**DATA SHOWN**
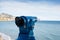 Pair of binoculars lay on the sand of a beach, with the vast blue ocean in the background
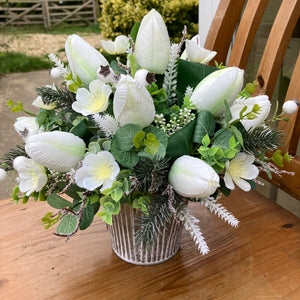 A Christmas flower arrangement featuring artificial white tulip flowers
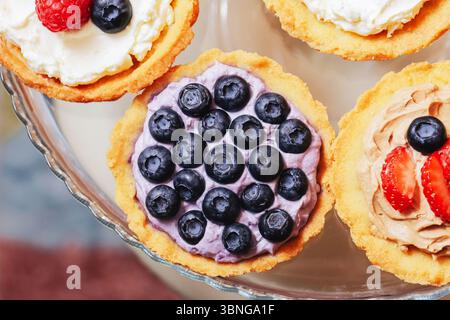 Bunte Beerentörtchen. Mini-Obstkuchen mit Heidelbeeren und Erdbeeren. Köstliches Dessert auf Glasplatte. Süßes Gebäck im Sommer. Hausgemachter Gourmet. Stockfoto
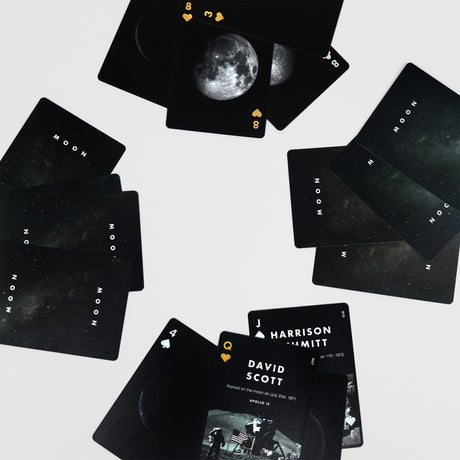 Black playing cards with moon imagery and text on a light gray background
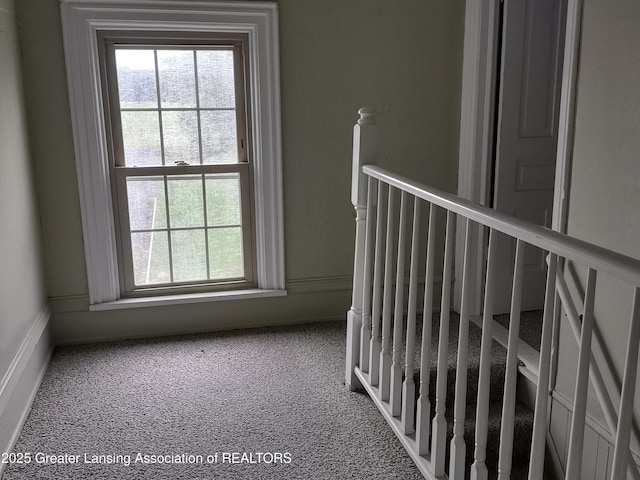 16711 Stark Rd, Springport, MI 49284 - hall with plenty of natural light, an upstairs landing, and carpet floors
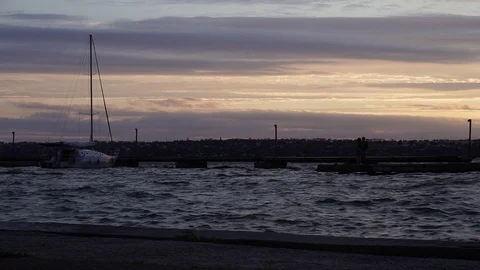 Cloudy warm orange evening sunset sky over yacht silhouette in river yacht port Stock Footage 92948502
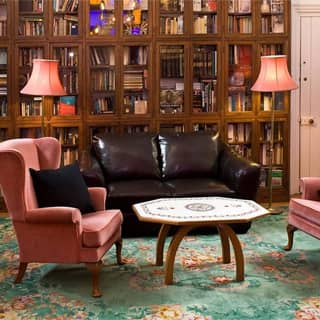 The Club Room seating with bookshelf lined wall.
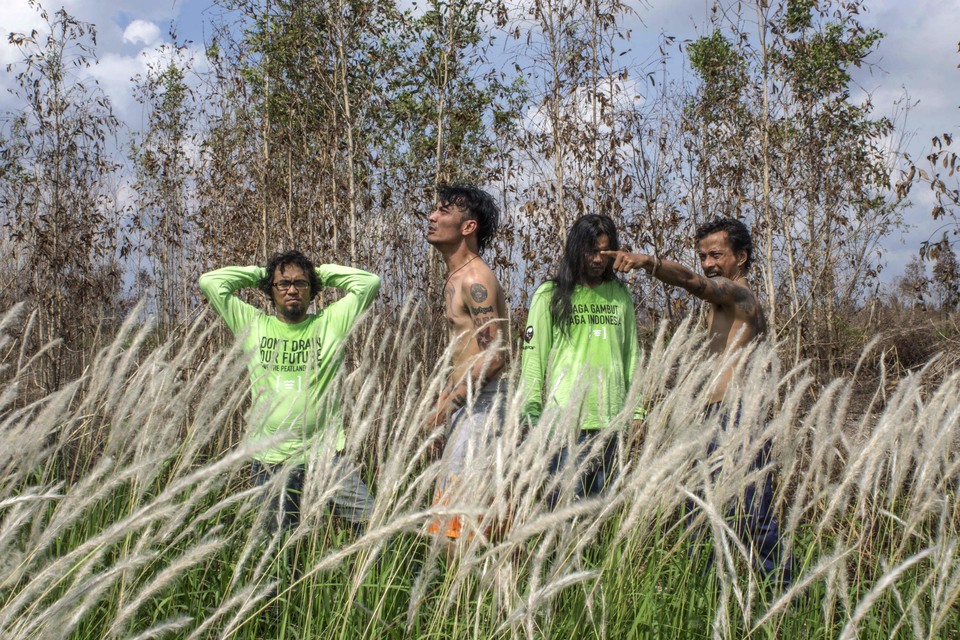 From left to right,  Tommy Maranu, Ahmad Afandi a.k.a Andi Babas,  Faried M Badjeber, Henry Limahelu  of the Indonesian rock band 'Boomerang’ pose for photographs during damming activity in Paduran village, Sebangau sub district ,Central Kalimantan province, Indonesia. Greenpeace and other NGOs are working with the Paduran community to re-wet peatlands and prevent future fires. Central Kalimantan was badly hit during the 2015 forest fires disaster.  Indonesia's peatlands cover just over 21 million hectares an area smaller than the UK. Yet this small area stores 57GtC, equivalent to more than 6 years of global emissions from fossil fuels. (Greenpeace Photo/Ardiles Rante)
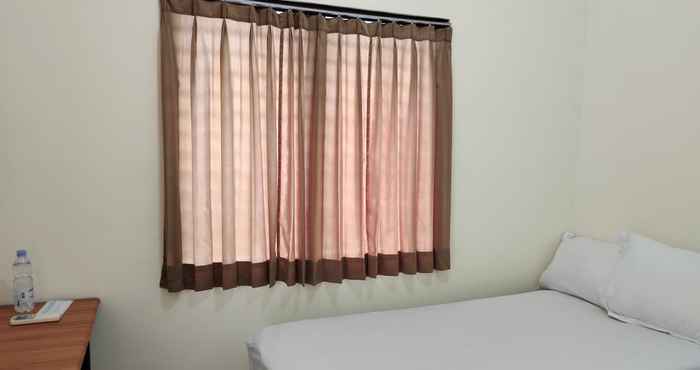 ห้องนอน OYO 91126 Kertajaya Residence Surabaya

**EXERCISE AIM**
Within the listing above, print exactly the stretch beginning at the line that contains "A Christmas flower" and finishing at the line that contains "Black playing cards", ends kept, pictures left out, and nothing more.

**SOLUTION TO THE PROBLEM**
 A Christmas flower arrangement featuring artificial white tulip flowers
 Bunte Beerentörtchen. Mini-Obstkuchen mit Heidelbeeren und Erdbeeren. Köstliches Dessert auf Glasplatte. Süßes Gebäck im Sommer. Hausgemachter Gourmet. Stockfoto
 Black playing cards with moon imagery and text on a light gray background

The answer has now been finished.